I think you're talking about the french cleat - I meant the top piece that's radiused at the front. How is it attached to the support triangle? See where I've place the red arrow.


----------



## RainMan 2.0 (May 6, 2014)

Great job Andy . I can’t get enough of clamp storage ideas . You certainly look well organized


----------



## Herb Stoops (Aug 28, 2012)

Great job Andy, I like your idea.
Herb


----------



## DonkeyHody (Jan 22, 2015)

vchiarelli said:


> I think you're talking about the french cleat - I meant the top piece that's radiused at the front. How is it attached to the support triangle? See where I've place the red arrow.

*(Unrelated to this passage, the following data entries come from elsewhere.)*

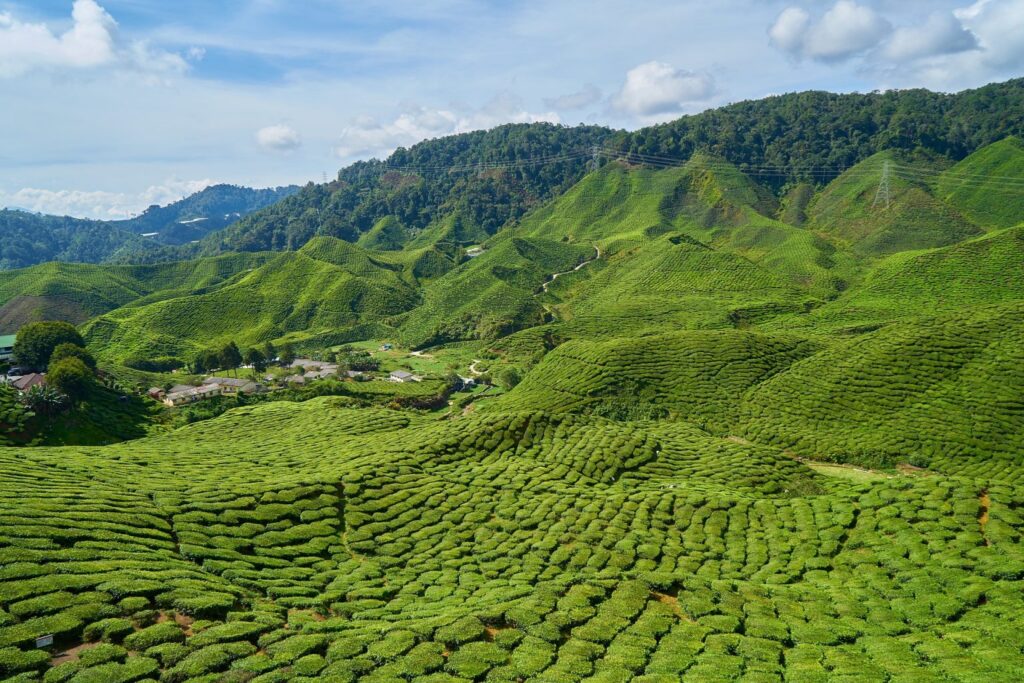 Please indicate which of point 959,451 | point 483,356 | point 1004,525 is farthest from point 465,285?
point 1004,525

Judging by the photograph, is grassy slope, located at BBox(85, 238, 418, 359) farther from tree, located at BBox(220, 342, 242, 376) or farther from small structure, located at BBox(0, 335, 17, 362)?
tree, located at BBox(220, 342, 242, 376)

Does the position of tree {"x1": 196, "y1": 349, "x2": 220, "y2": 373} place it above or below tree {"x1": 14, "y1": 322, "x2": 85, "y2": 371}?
below

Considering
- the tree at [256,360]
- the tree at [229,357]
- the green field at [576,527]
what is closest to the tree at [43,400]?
the green field at [576,527]

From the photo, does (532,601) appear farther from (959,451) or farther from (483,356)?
(483,356)

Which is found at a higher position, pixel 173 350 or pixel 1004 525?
pixel 173 350

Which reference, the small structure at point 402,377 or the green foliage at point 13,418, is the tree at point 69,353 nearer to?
the green foliage at point 13,418

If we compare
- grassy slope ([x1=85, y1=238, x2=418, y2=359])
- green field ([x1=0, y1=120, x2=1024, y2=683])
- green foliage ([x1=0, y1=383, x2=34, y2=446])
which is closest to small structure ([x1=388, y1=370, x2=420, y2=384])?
green field ([x1=0, y1=120, x2=1024, y2=683]) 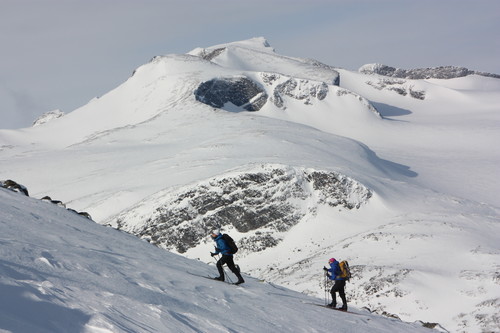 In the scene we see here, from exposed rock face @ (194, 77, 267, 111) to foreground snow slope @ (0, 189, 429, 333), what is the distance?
420ft

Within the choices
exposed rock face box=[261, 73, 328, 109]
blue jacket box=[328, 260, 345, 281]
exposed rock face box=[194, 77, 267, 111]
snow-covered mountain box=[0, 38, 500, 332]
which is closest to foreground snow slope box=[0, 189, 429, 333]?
blue jacket box=[328, 260, 345, 281]

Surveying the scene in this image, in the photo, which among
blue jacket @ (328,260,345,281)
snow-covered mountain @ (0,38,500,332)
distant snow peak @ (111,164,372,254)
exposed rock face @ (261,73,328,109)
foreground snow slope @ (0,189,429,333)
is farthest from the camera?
exposed rock face @ (261,73,328,109)

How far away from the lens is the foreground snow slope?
8.62 meters

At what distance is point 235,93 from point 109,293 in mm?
142849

Oh that. All the joints on that component are glued and screwed with pocket holes on the inside (where the clamp bar goes) surface.


----------



## DonkeyHody (Jan 22, 2015)

RainMan 2.0 said:


> Great job Andy . I can’t get enough of clamp storage ideas . You certainly look well organized


Lack of space is the Mother of organization. I'm not well-organized by nature. A lot of spare time, fueled by a little OCD (Obsessive Compulsive Disorder) certainly help.


----------



## hawkeye10 (Jul 28, 2015)

Andy, you have some great ideas on clamp racks. I have clamps clamped to the horizontal framing on my garage door. I open it seldom. I also have very little wall space but if I did I would borrow your ideas on clamp racks.


----------



## tomp913 (Mar 7, 2014)

Like the way you have the clamps stacked on each other rather than side to side - I don't know why more racks aren't made like this as it would seem that you can get more in less space. At least wall space - which is at a premium in most shops - there is a little more projection into the space. I have one of the Rockler Clamp Racks, a product I feel is a terrible design, and a redesign is working it's way to the top of my list. I saved the picture shown below, and plan on incorporating something like that into the Rockler rack - bolting a 2' x 4' piece of plywood to each side and attaching hangers for the various clamps to the sheets.









The frame of the rack is already at an angle so I can just drill the dowels in straight, the "tilt" of the plywood will keep the clamps from falling off and I figure that I can stack 6 - 8 F-clamps on each set of dowels. I'll probably lay the plywood across a pair of sawhorses and take some time moving the various clamps around to get the most efficient use of space. It would be better if I had the wall space but.......


----------



## OPG3 (Jan 9, 2011)

Andy,

That's a clever idea you have built and implemented!

Otis Guillebeau from Auburn, Georgia


----------



## ScottyDBQ (Jul 5, 2008)

Great idea using French Cleats and stacking the clamps.


----------



## DonkeyHody (Jan 22, 2015)

Thanks to all for the kind words. None of the ideas were mine. I saw stacked clamps and I saw racks mounted on French Cleats. All I did was combine the two.


----------